That may be true in the long run, but that's not the reason these days. I'm convinced that there was some type on non-active ingredient in the original pharmaceutical versions, because you never heard anyone complain of appetite issues. In fact, it would be just the opposite! Maybe there was an enteric coating, I don't know, but something was different.
One thing I found interesting, something I read roughly 10 years ago, has to do with a patent running out. When that happens and other manufacturers can start to produce a generic version, the original manufacturer only has to give them a list of the ingredients. Think of this as a recipe. It makes a difference how you prepare a meal and when certain ingredients are added. The article made the same correlation regarding the list of ingredients for a drug. Is that the case here, I don't know. All I know is that loss of appetite was never an issue.

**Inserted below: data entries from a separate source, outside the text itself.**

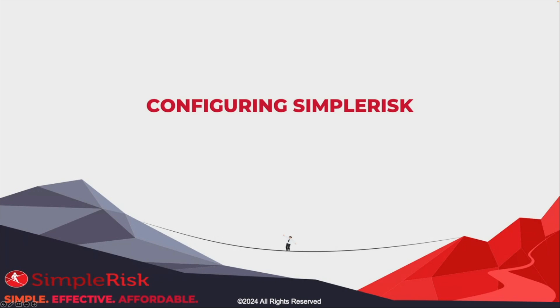Hey there, I'm Josh Sokol, the CEO and creator of Symporas. In this video, we will take a deeper look at the configurations available in Symporas. Some of this might not make much sense until we cover the specific functionality that it applies to in later videos.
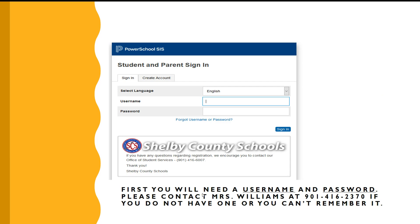First, you will need a username and a password. If you do not have one, or you just can't remember it, please contact me at 416-2370.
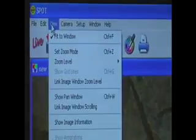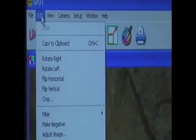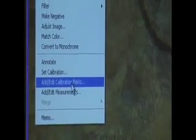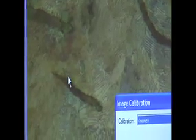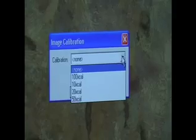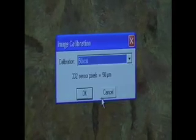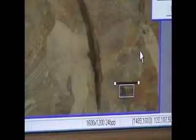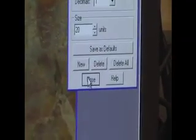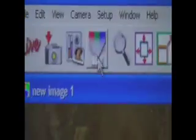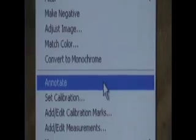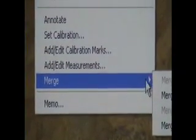To add calibration marks to your image, go to Edit, then Add Edit Calibration Marks. Select the lens magnification you used to take the image. Select the proper unit length for the selected magnification. Then click the New button and click on the image to place the calibration mark. Once you are done adding calibration marks, go to Edit, then Merge Calibration Marks. Now save your photo.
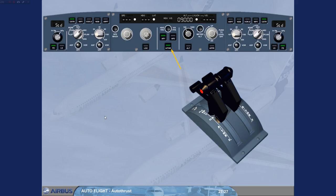Note, you can disconnect the autothrust by pressing the autothrust push button on the FCU. This is not the standard recommended procedure.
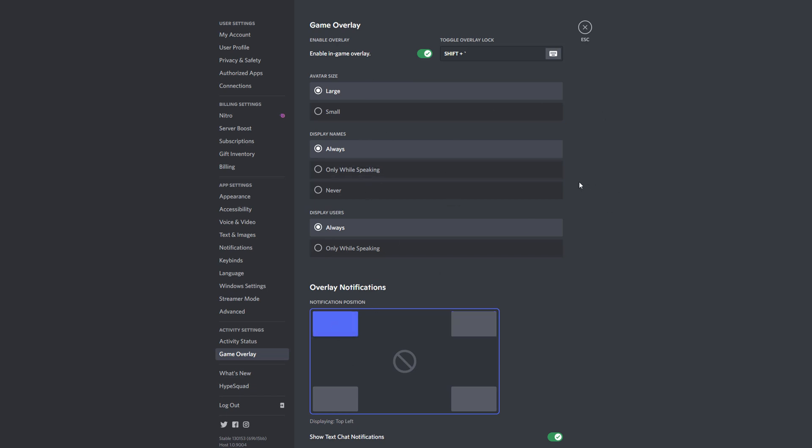But what you want to do is go up here to where you see enable in-game overlay and just uncheck that. Basically that will uncheck that and you are good to go.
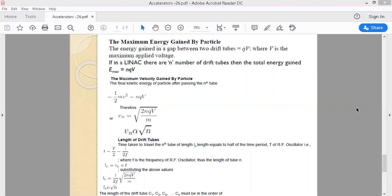As the particle accelerates into each successive tube, its speed is greater than in the previous tube. To keep the particle synchronized with the alternating frequency, we have to increase the length of each successive tube. The maximum kinetic energy gained by the particle in a linear accelerator with N tubes is NQV, and this depends on the number of drift tubes.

There's an ADHD med that my son has. Name brand and generic have exactly the same active ingredient and dose (USA). Doctor will tell you flat out that 5% of patients have some kind of issue - major behavioral - with generic due to a binder or coating that should not matter but does. If it shows up, generally early, they will write for name brand. And I've seen it happen first hand - total one off shit show, crazy and unique. Moved to brand name and never ever happened again (like a decade and increased dosage too). Likely something to it in some orals too.
Anyway a lot of guys who were fine with even UGL orals get worse with them as they age. It's all over on this forum. Luckily that's not me. Only issue I've found is even 12.5mg of dbol makes me really tired now after a week. Crazy, used to love it. Now I'm a winny, drol and var guy only. Liked drol better anyway but so many fond memories of the 5mg Russian dbol days...that and some fina/tren brew was kind of magic in the gym.